Présenté en compétition officielle lors de la 21ᵉ édition du Festival international du film de Marrakech, La Mer au loin est une œuvre qui se distingue par la profondeur de son propos et l’élégance de sa structure cinématographique. Le réalisateur franco-marocain Saïd Hamich Benlarbi, déjà remarqué pour Retour à Bollène, poursuit son exploration des fractures identitaires et des trajectoires d’exil, mais cette fois-ci à travers une fresque romanesque empreinte de mélancolie.


La Mer au loin prend la forme d’une saga couvrant une décennie, de 1990 à 2000, où les fragments de vie de Nour interprété avec justesse par Ayoub Gretaa s’articulent autour d’intertitres délimitant des chapitres. Cette structure permet d’inscrire le récit dans une temporalité large, évoquant à la fois l’intime et le collectif. Nour, immigré clandestin à Marseille, navigue entre petits trafics, amitiés éphémères et amours impossibles.
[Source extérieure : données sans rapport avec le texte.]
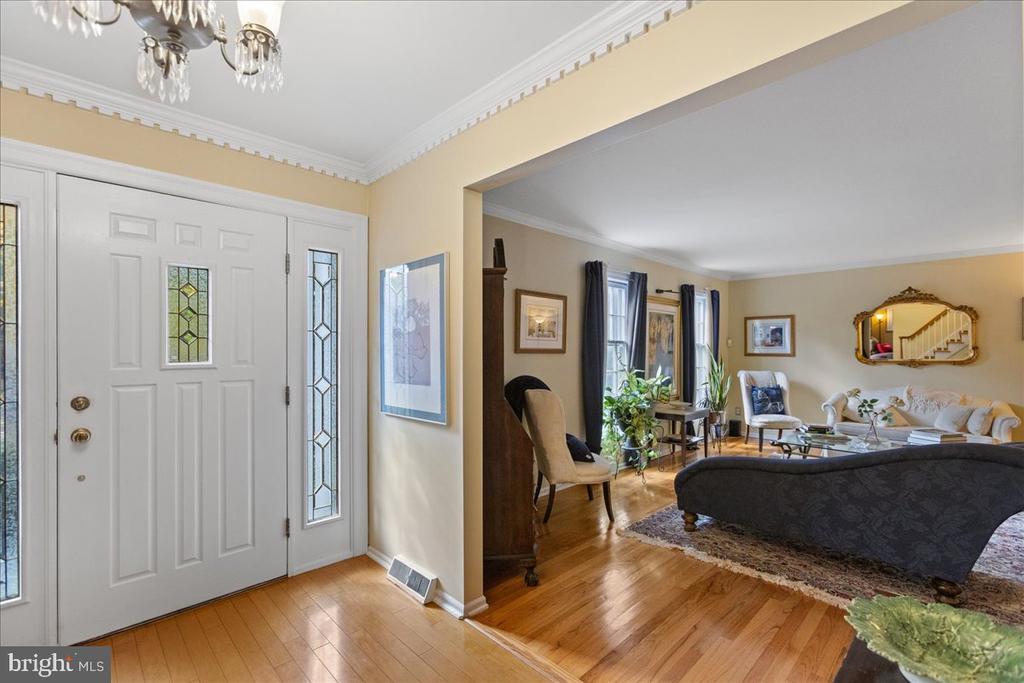 8 Laurel Wood Dr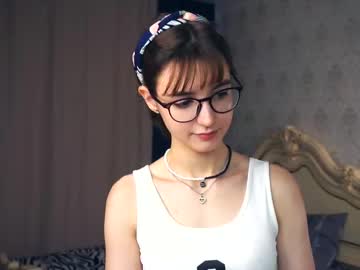 girl
        udelegorbett cam image #6105442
La rencontre avec Serge (Grégoire Colin), un policier imprévisible, et Noémie (Anna Mouglalis), sa femme énigmatique, marque un tournant décisif dans son parcours.


Pour ce faire, Saïd Hamich  adopte une approche quasi impressionniste, où chaque plan semble baigné dans une lumière douce et diffuse, renforçant l’idée de flottement propre à l’exil. Les mouvements de caméra sont aussi fluide qu'une douce mélodie, comme pour accompagner les errances de Nour, perdu entre deux mondes.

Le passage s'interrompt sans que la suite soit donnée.